El año anterior, cuando se divorciaron, se llevó un disgusto.
Probablemente el responsable del fracaso del matrimonio era él. Julie se había cansado de sus continuos cambios de trabajo. Tampoco se podía decir que no ganara dinero. En los años treinta, aunque tampoco habían nadado en la abundancia, siempre había ganado lo suficiente ejerciendo diversas actividades por cuenta propia, e incluso durante la Depresión se podía ganar dinero en la industria del ocio. Había colaborado en obras de teatro y películas; por la época en que se casó, tenía incluso una pequeña participación en un musical de Broadway. Y después de que Julie comprase el apartamento, siempre fue capaz de costear el mantenimiento y ese tipo de gastos. Cuando nació su hijo, pensó que quizás aquello los uniría más.

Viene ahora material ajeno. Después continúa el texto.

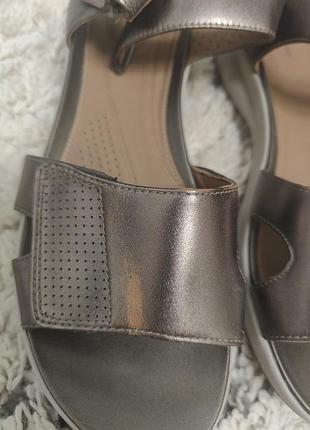 Оригінальні шкіряні босоніжки clarks unstructured 3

El pequeño Gorham. La mayoría de la gente que conocía tenía apodos. A quien le habían puesto John, pasaba a llamarse Jack; Henry se convertía en Harry; Augustus en Gus, Howard en Howie; Winthrop en Win; Prescott en Pres… Así lo llamaban a uno los amigos y conocidos. El pequeño Gorham, en cambio, siempre se llamó Gorham.

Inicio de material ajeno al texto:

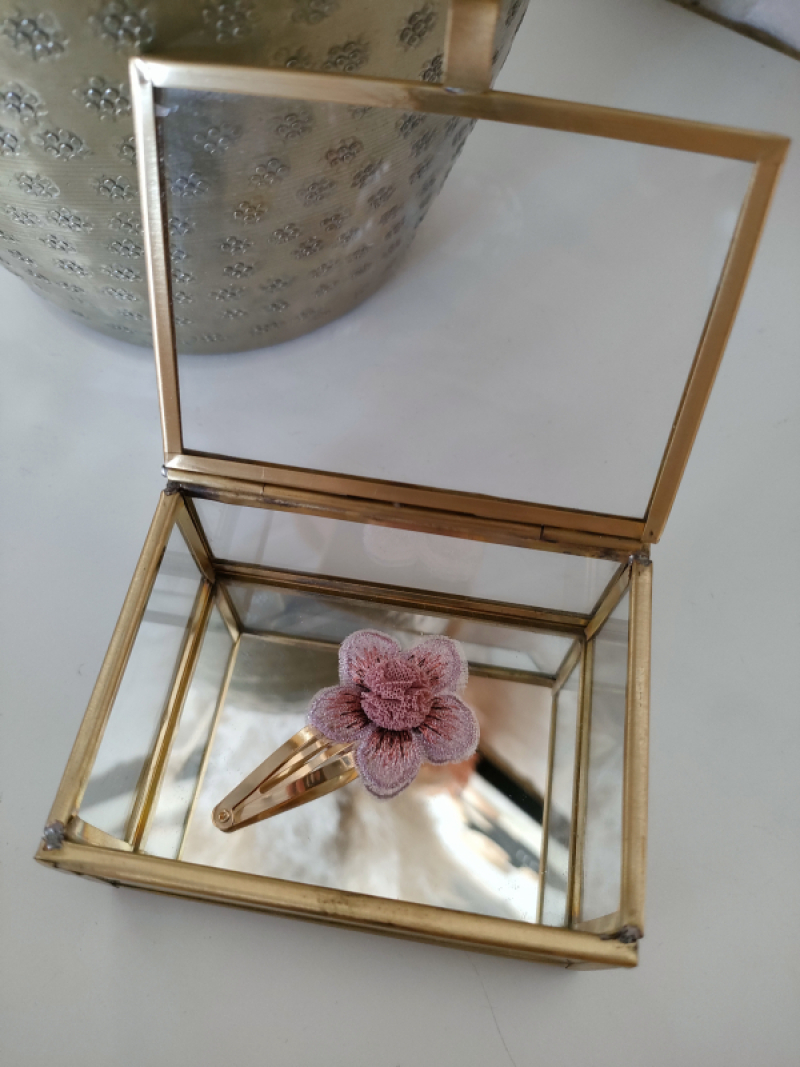 L'ENFANT FLEURI | HAARSPELD JOSEFIEN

Luego Julie le dijo que quería el divorcio para poder casarse con un médico, de Staten Island, precisamente. Él no tenía nada contra Staten Island, claro. El distrito de Richmond, según su denominación oficial, no estaba aún conectado con ningún otro mediante un puente, lo cual hacía de él un reducto rural con un carácter casi dieciochesco que la isla de Manhattan había perdido por completo. Aunque la vista del agua fuera agradable, resultaba un tanto pesado tener que ir hasta allí a buscar a su hijo los fines de semana.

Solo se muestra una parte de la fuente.